**Prompt:** Pull every line with "careful" from the material.

**Task input:**
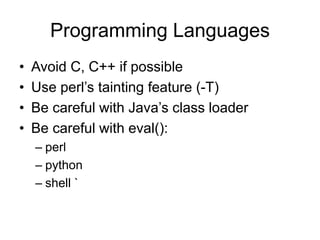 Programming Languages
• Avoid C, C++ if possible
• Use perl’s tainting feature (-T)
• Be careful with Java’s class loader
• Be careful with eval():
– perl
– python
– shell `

---

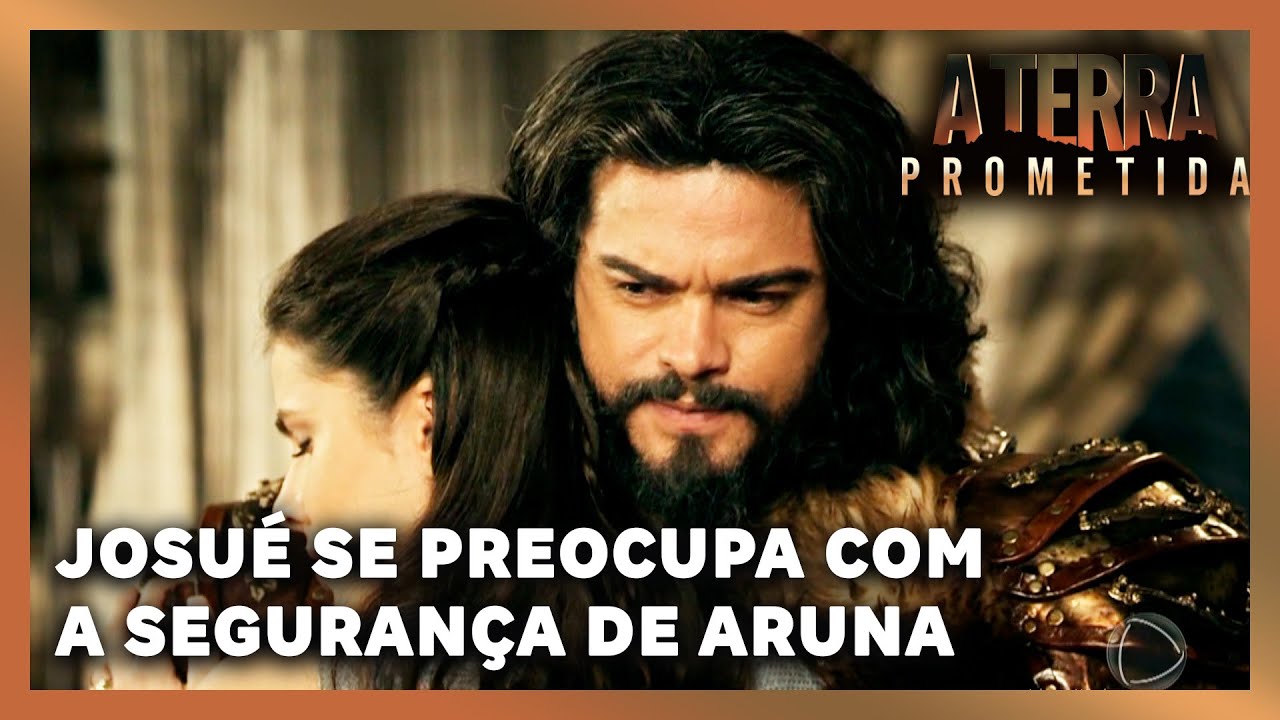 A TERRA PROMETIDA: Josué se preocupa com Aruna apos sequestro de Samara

==

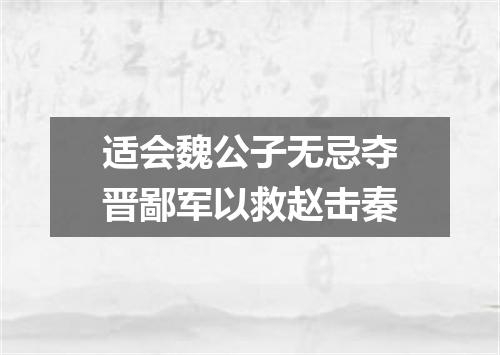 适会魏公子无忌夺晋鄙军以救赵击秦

**Answer space:**
• Be careful with Java’s class loader
• Be careful with eval():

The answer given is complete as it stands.